Sometimes the trouble we get into with posture can seem a bit like a television drama, but unlike a life decision that sets a person down a troublesome path, it might not be clear exactly what is setting off the posture problem...or you might know that it has something to do with how you sit at the computer or how you react to a stressful situation, but the details as to how might not be clear.  

Looking at posture from this perspective, I see two keys for getting out of playing postural whack-a-mole.

1) Find the source of the problem...What's the first thing that sets off a chain reaction leading to strain and compression in the body?

2) Address the whole pattern...The expression "playing whack-a-mole" outside of actually playing the arcade game refers to trying to address a problem in a piecemeal way.  If you look at how all of the pieces fit together, you'll have a better chance of solving th puzzle.
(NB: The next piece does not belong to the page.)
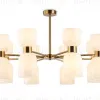 Люстра на штанге Ambrella Light High Light Heigh Light LH56095 LH56095 - 1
In my case, I started taking Alexander Technique lessons as a college student studying acting and I was playing my own game of whack-a-mole trying to deal with issues related to my posture, having scoliosis, and generally feeling restless...plus trying really hard to do what I was being taught in my classes with little success.  I was playing whack-a-mole and taking shots in the dark, trying to basically guess at how to make my body, breathing, voice do what I thought it was supposed to do.  It wasn't until I had the experience of the whole pattern that I was able to actually make the changes I'd been trying so hard to make.

In my lessons and classes, I teach people how to figure out what the source of the issue is and experience how the whole body has it's own postural pattern that you can start to unravel once you begin to pay attention.